Saturday 24 March 2018

Crooner Val fondly recalled by stars

Doonican dies peacefully at home at age of 88

Singer Val Doonican in his heyday in 1977
Singer Val Doonican in his heyday in 1977
Val Doonican with his wife Lynn
Kirsty Blake Knox

Kirsty Blake Knox

Val Doonican's soothing vocals, gentle repartee and penchant for eye-catching pullovers were remembered with fondness yesterday following the news of his death.

Having charmed TV viewers for well over two decades, the Irish singer passed away peacefully in his family home in Buckinghamshire aged 88.

"It was old age, I'm afraid," his daughter Sarah said. "The batteries ran out."

The youngest of eight children, Michael Valentine 'Val' Doonican was born in Waterford on February 3, 1927. He grew up in a musical family and inherited a love of the stage.

"Everything he did had panache and polish," Gay Byrne told the Irish Independent. "He was a fantastic entertainer, a natural storyteller, self-deprecating and utterly charming. There was something of Bing Crosby about him."

Doonican left school after the death of his father and began gigging around the country. He garnered much attention after he penned the jingle for Donnelly's Sausages.

Doonican moved to the UK in 1951 to join Irish quartet The Four Ramblers, before embarking on a successful solo career.

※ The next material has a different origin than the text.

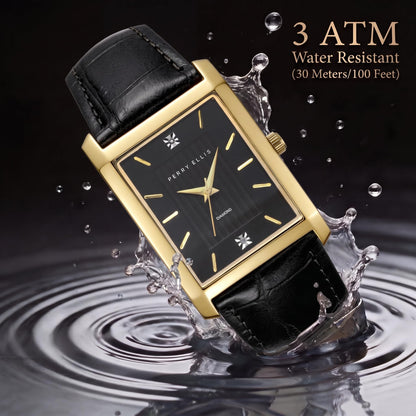 Perry Ellis Ultra Slim Men's Watch – Rectangular Gold-Tone, Black Textured Dial with Diamond Accents, Gold Faceted Indexes, Adjustable Black Leather Strap, Quartz Analog Fashion Accessory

But his big break came in 1963, when he appeared on hugely popular entertainment show 'Sunday Night at the Palladium'.

Doonican sang several songs, including 'Delaney's Donkey' and caused an immediate sensation. That eight-minute slot was to change his life and resulted in him being offered his own BBC TV show.

"I was an overnight success after 17 years," he said at the time. The Palladium performance also massively boosted his recording career and he went on to have five successive Top 10 albums in the UK charts in the 1960s.

Former contemporary Bruce Forsyth noted he "had the warmth, the voice and the sweaters. He was one of the warmest personalities I think we have ever had."

Doonican's hit TV series ran at the BBC for over 25 years. During that time, he played a special role for many thousands of Irish immigrants to the UK.

At a time, when IRA bombs were exploding in England, Doonican portrayed an image of what might be described as old-fashioned Irish decency.

Behind the relaxed TV persona was a shrewd and creative mind, and a finely tuned musical ear.

Doonican stopped performing in 2009 after over 60 years in showbusiness.

"He used to say it was a great thing he had made a living out of doing what he loved," Gay Byrne said.

He leaves behind his wife Lynn, daughters Sarah and Fiona and grandchildren Bethany and Scott.